# Provided information:
##########
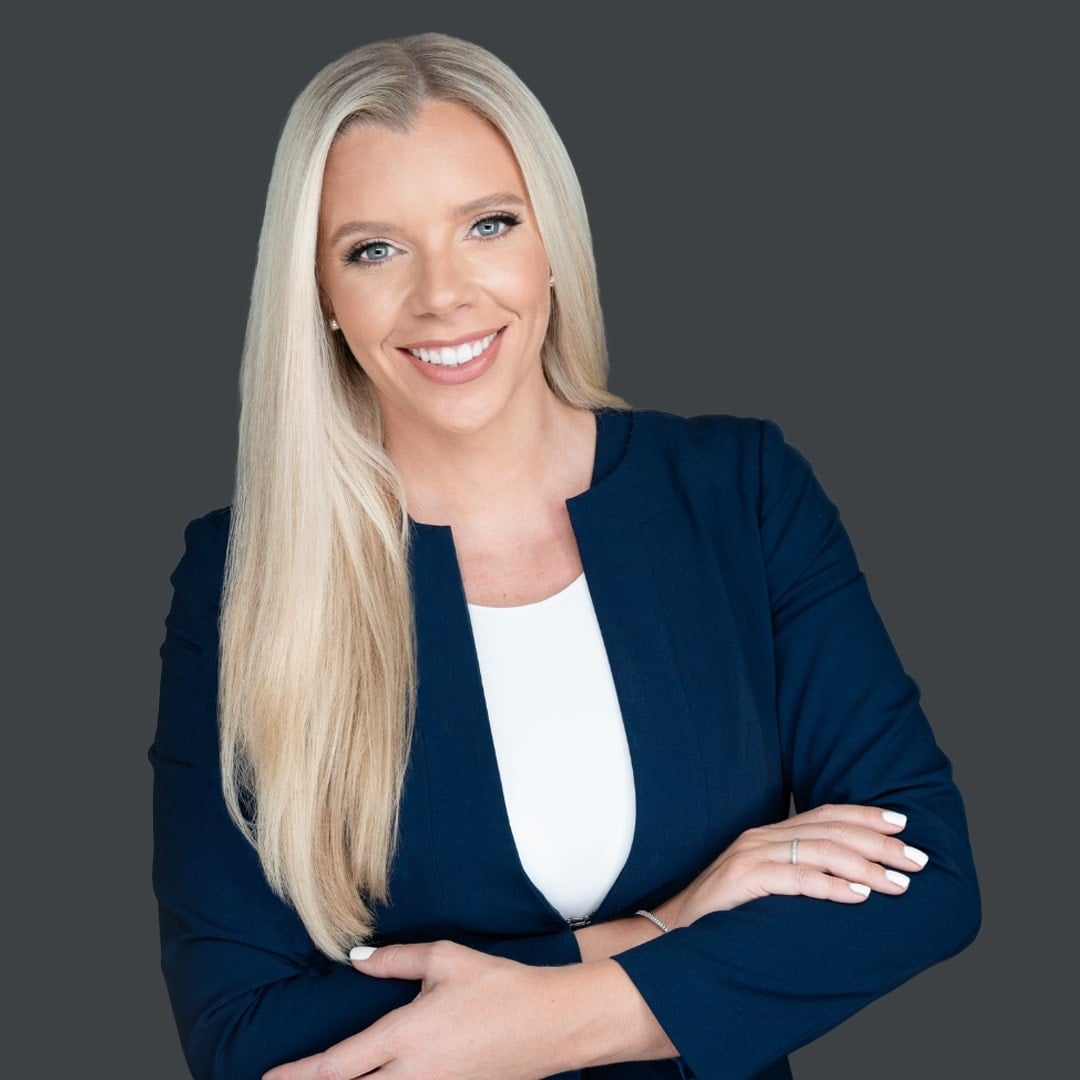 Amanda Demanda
##########
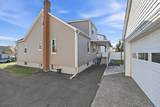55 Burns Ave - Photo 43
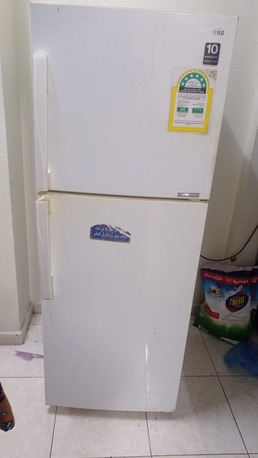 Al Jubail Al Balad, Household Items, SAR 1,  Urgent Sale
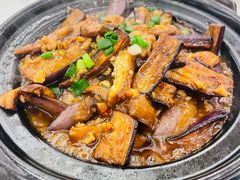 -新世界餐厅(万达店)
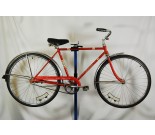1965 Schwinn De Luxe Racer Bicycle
##########
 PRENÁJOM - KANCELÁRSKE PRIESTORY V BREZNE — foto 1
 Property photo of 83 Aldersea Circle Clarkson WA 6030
##########
Return only the part above that opens with the line containing "55 Burns Ave - Photo 43" and closes with the line containing "1965 Schwinn De Luxe Racer Bicycle", exactly and with both ends, skipping the pictures.

55 Burns Ave - Photo 43
 Al Jubail Al Balad, Household Items, SAR 1,  Urgent Sale
 -新世界餐厅(万达店)
1965 Schwinn De Luxe Racer Bicycle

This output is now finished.